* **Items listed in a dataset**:
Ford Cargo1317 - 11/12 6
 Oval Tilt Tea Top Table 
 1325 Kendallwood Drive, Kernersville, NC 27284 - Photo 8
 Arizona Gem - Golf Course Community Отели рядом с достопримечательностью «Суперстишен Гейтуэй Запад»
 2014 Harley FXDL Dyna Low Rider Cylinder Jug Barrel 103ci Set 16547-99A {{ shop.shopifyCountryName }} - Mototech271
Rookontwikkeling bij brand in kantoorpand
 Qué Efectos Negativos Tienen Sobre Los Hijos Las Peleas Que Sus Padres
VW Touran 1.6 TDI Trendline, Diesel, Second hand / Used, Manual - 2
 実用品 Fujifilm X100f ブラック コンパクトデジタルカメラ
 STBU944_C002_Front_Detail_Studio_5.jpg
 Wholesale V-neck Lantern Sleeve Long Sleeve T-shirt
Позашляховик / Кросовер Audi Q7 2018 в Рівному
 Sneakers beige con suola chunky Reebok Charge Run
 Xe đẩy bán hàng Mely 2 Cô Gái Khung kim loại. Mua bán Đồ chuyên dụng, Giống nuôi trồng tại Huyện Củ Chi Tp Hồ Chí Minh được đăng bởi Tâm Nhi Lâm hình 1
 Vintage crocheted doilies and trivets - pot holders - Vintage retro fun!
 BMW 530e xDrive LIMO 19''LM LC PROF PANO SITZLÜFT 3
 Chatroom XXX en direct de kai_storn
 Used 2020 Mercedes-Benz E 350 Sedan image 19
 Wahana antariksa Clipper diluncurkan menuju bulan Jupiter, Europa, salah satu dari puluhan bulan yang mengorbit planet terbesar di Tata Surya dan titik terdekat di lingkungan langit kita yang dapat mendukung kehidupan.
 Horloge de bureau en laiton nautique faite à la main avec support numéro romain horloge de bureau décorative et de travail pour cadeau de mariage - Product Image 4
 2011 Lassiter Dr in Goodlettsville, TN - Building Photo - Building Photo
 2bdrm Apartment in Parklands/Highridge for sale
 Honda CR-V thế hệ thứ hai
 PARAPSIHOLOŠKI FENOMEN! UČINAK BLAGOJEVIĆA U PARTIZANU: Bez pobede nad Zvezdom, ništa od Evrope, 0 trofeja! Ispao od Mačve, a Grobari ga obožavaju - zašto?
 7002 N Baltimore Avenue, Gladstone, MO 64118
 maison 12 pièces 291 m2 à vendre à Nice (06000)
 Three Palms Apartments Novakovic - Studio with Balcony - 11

* **TASK BRIEF**: Exactly how many lines in the records above hold the string "Photo"? Reply with that number only.

* **TASK RESULT**: 2